**What needs to be done:** Because the pictures are not wanted, reproduce the rest of the records below exactly as they stand.

**Available data:**
::::::
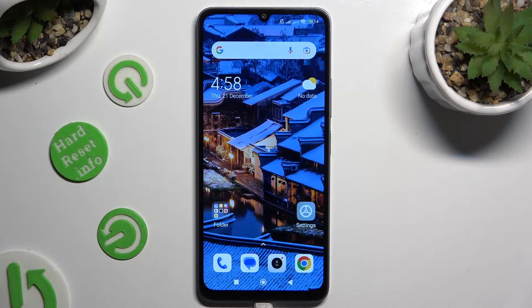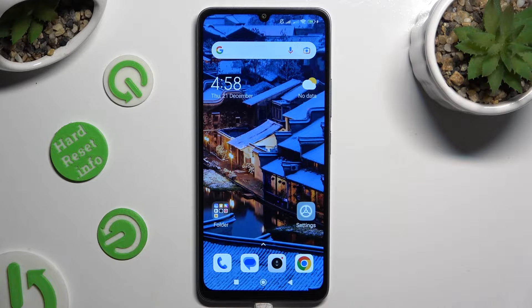Hi! In front of me is Xiaomi Redmi 13C, and today I would like to show you how you can block app notifications.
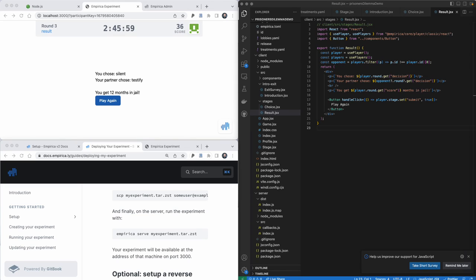Thank you for walking through the experiment creation with me — I hope you'll get a chance to try it out. Don't worry if that felt like a lot of code; when I started using Empirica this would have taken me much longer. We tend to find that most people with a little programming knowledge, even without prior React or JavaScript experience, can get a basic experiment running in a week or two. There's also a growing community of friendly developers with Empirica experience who can help other researchers get started.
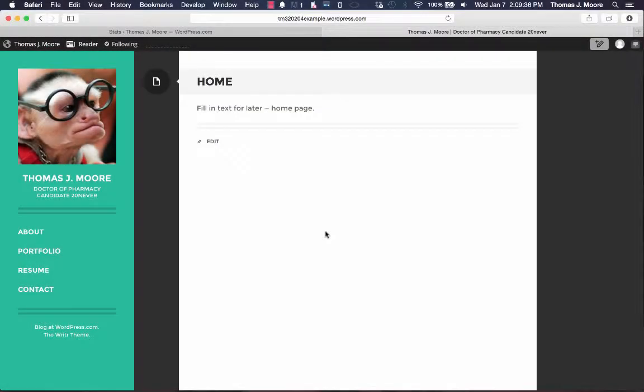Hi, this is Thomas coming to you with another quick video tutorial for your ePortfolio. The question I'm going to answer today is how do I upload my resume?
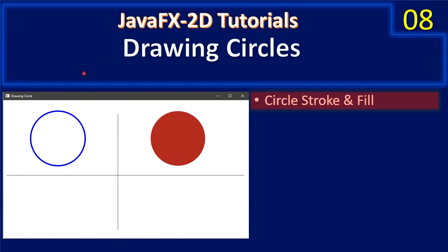Hello friends, welcome to JavaFX 2D tutorial. In the last video we saw how to draw rectangles. Now we will proceed with drawing circles.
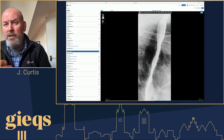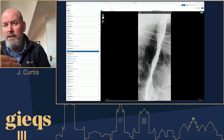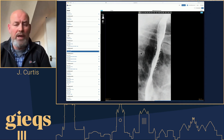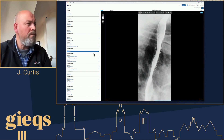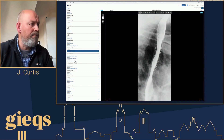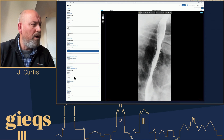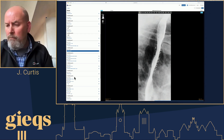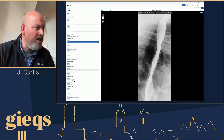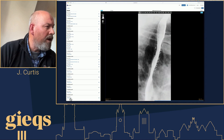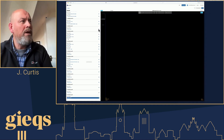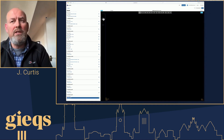Always remember that the esophagus is behind the trachea, which is anterior. You can go through these images at your leisure. Case number three is number 28 — a patient presenting with dysphagia.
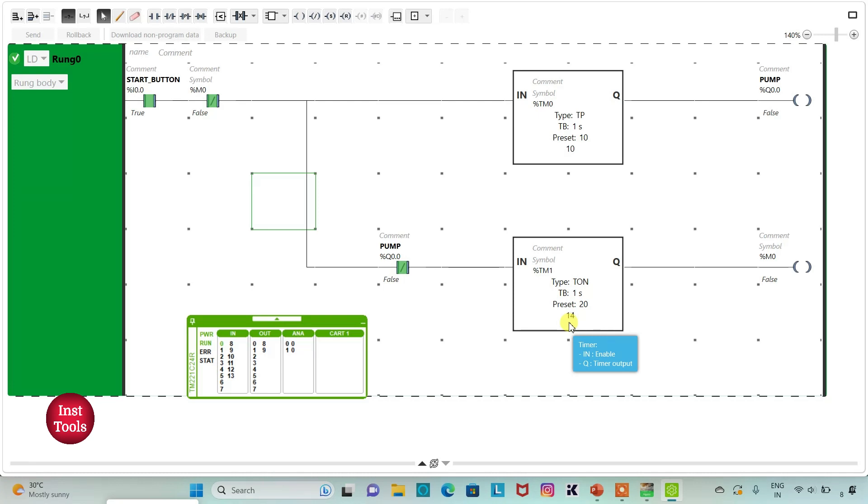And it will be off for 20 seconds: 4, 5, 6, 7, 8, 9, 10, 11, 12, 13, 14, 15, 16, 17, 18, 19, 20. And after 20 seconds, pump will get turned on.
::::::
**Solution:**
Hi! In front of me is Xiaomi Redmi 13C, and today I would like to show you how you can block app notifications.
Thank you for walking through the experiment creation with me — I hope you'll get a chance to try it out. Don't worry if that felt like a lot of code; when I started using Empirica this would have taken me much longer. We tend to find that most people with a little programming knowledge, even without prior React or JavaScript experience, can get a basic experiment running in a week or two. There's also a growing community of friendly developers with Empirica experience who can help other researchers get started.
Hi, this is Thomas coming to you with another quick video tutorial for your ePortfolio. The question I'm going to answer today is how do I upload my resume?
Hello friends, welcome to JavaFX 2D tutorial. In the last video we saw how to draw rectangles. Now we will proceed with drawing circles.
Always remember that the esophagus is behind the trachea, which is anterior. You can go through these images at your leisure. Case number three is number 28 — a patient presenting with dysphagia.
And it will be off for 20 seconds: 4, 5, 6, 7, 8, 9, 10, 11, 12, 13, 14, 15, 16, 17, 18, 19, 20. And after 20 seconds, pump will get turned on.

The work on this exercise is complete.